Here's a few things I've learned along the way (as a Player and a GM):

1. Forcing players to do things usually ends up bad. One time as a player, I was in a game where we were infected with a disease, and had to work for the bad guys to get the cure (it was a modern day game, and the bad guys were holding Chicago ransom with an atomic bomb. We knew the bad guys were in the city somewhere so you can probably figure out the rest). I've found if you want to have the players in a "forced" scenario, leave them an alternative. Even if it's an alternative you "overlooked". Given a choice they will most likely play along.

2. Set adventures are fun...but a wider world is more exciting. Long ago my adventures were modeled after boxed modules. Go here, talk to this guy, then go here, get this item, then go here, etc. Fight a bunch of stuff along the way. This type of linear adventure is good, but has a forced way about it. And it can get thrown off if the players think of something you didn't (like if they kill the "boss at the end of the level", in a bar fight, near the campaign's beginning!)

How I try to write campaigns/adventures now is more geographic than linear. For example:

Get a Campaign idea; think of all the pivital events that need to happen for the bad guys to win. Then take a look at the PC's and see how far they can travel in one adventure's worth of time. Then create a bunch of small events/encounters that happen within that first adventure "travel area". Make them generic enough so if they go any direction they may still encounter the event (such as "guy in a bar overheard bragging..." or "burned out caravan found along the raod..."). But also make sure the small events hint at, and lead to, bigger events.

At the end of the first adventure, take a look at the PC's and see how far they can travel in one adventure's worth of time.

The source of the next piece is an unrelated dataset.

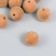 Beads for creativity velvet spraying "brown" set 10 pcs d = 1.4 cm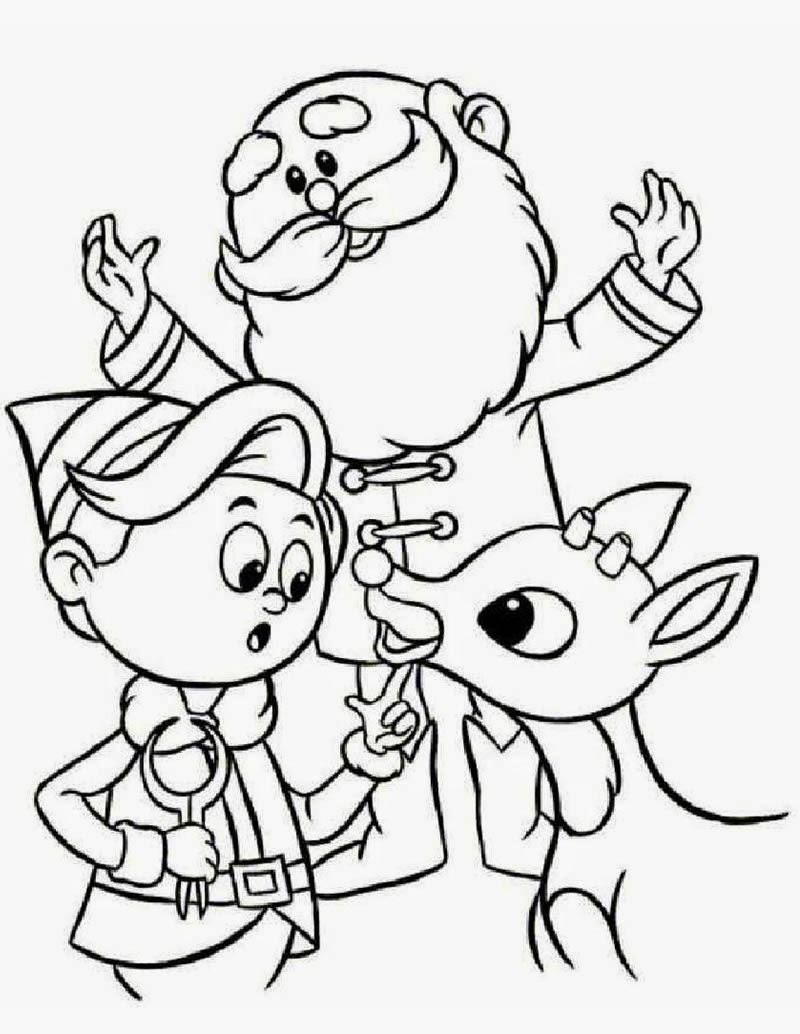 The Holiday Site Christmas Elf Coloring Pages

Make another set of small events/encounters (and you'll still have some of the first ones left over, because they won't have done them all). Wash, Rinse, Repeat.

This way the adventure unfolds around the characters, but they aren't neccesarily the center of it. And they get the appearance of freedom of movement. I believe any time you can avoid "forcing" PC's to do something the fun level goes up. And this way, even if the PC's never "get in the game" so to speak, you still have a bunch of events/encounters right up till the bad guys win (and then maybe the next campaign is un-doing what the bad guys did!).

3. The GM is all powerfull, but... you only have that power because the Players agree to put their characters into your universe. Without characters and players, you're just writing a story.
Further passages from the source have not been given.